As explained by my friend and trainer, Lois Pratt, "We reach and fatigue all muscle fibers: slow, intermediate and fast. This routine is governed by time and not repetitions. A weight is selected that can be moved with good form for at least 30 seconds but not more than a minute and half. Strength gains can be tracked very easily and come quickly."

Pratt speaks from three decades of industry experience as well as personal experience, having left behind a long-distance running habit and many years of vegetarianism to adopt SuperSlow and a Paleo-style diet. She's also a nutritional therapist, working as a health coach for Dr. Douglas Swanson locally and operating her own business, Healthy Determination.

She cites many of SuperSlow's benefits as key to overall health, not just nailing a hot bod and show muscles.

"With diabetes so prevalent today," she says, "SuperSlow is powerful in affecting the metabolism and helping regulate blood sugar."

The workout directly targets fast-twitch muscle fibers, which store high quantities of glucose. McGuff — who, despite the bad porn name, is a full-time emergency-room physician with credentials from the University of Texas Medical School at San Antonio — says that when we recruit these, we create the stimulus to grow more muscle while enlarging its "glucose storage reservoir." That enhances insulin sensitivity — a good thing, since insulin resistance is the bad thing that precedes diabetes.

It's all about how your body handles blood sugar, which is "aggressively" emptied out of muscle cells in a high-intensity workout.

McGuff says people who adopt SuperSlow often see an improvement in adrenal function, too.

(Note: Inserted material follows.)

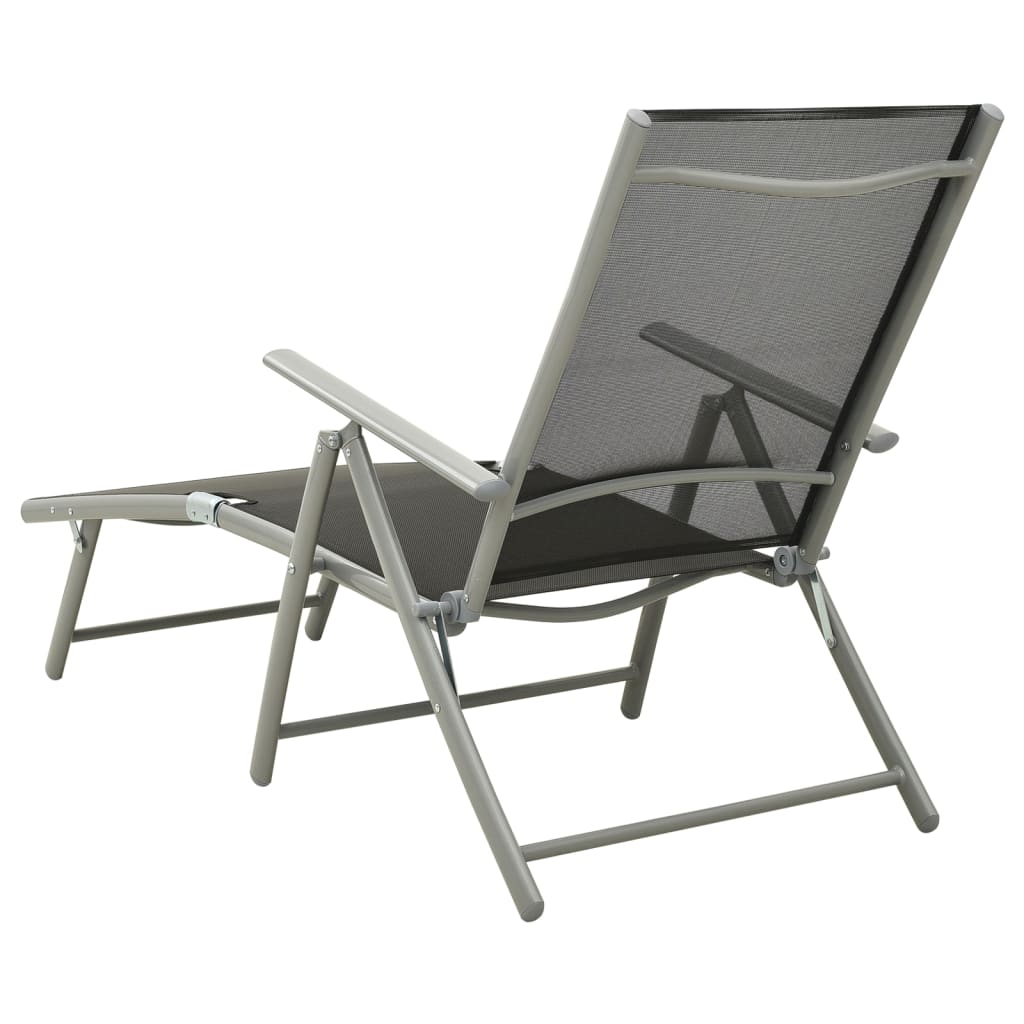 Chaise longue pliable Textilène et aluminium noir et argenté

More occasional workouts encourage the release of helpful human growth hormones — which we naturally lose as we age, but can defend via high-intensity exercise — instead of overtaxing the adrenal gland and having it release too much cortisol.

Meanwhile, McGuff says SuperSlow beats aerobic activities like long-distance running because "long, slow, distance-type exercise can actually cause your intermediate and fast-twitch fibers to begin to atrophy."

"What the steady-state activity does is, it trains the plasticity out of your physiologic system," he reports. "That ability to handle widely varying levels of exertion within a short span of time gets trained away. You actually make yourself less plastic and less adaptable to physical stress in general."

Though McGuff hosts a bevy of supporting SuperSlow information at drmcguff.com, and other health-industry names (like supplement slinger Dr. Joseph Mercola) also endorse high-intensity training, not everyone in the medical community finds it the be-all and end-all workout. Dr. Edward Laskowski, on the Mayo Clinic's website, says that "research hasn't shown SuperSlow training to be superior to other forms of strength training," though he does concede that it's a "reasonable tool" to vary routines and "help prevent boredom."

That said, I've found it to be superior to any strength training I've done. Though I hit full fatigue, with a thumping heartbeat and rubbery limbs post-effort, I'm never sore the next day, like I was consistently in the three-sets-of-10 world. And I've made significant personal gains in both strength and musculature. (Insert cat-call here.) Plus, I've gained many valuable hours back in my week not driving to a gym for much-longer sessions.

Hoo... ah, I don't think so.

McGuff would say I'm "utilizing my body as it was designed to be used." Pratt can point to my strength gains and physique. But for me, it's just an unquestionable feeling within my body from week to week. SuperSlow's the right fit for keeping me fit.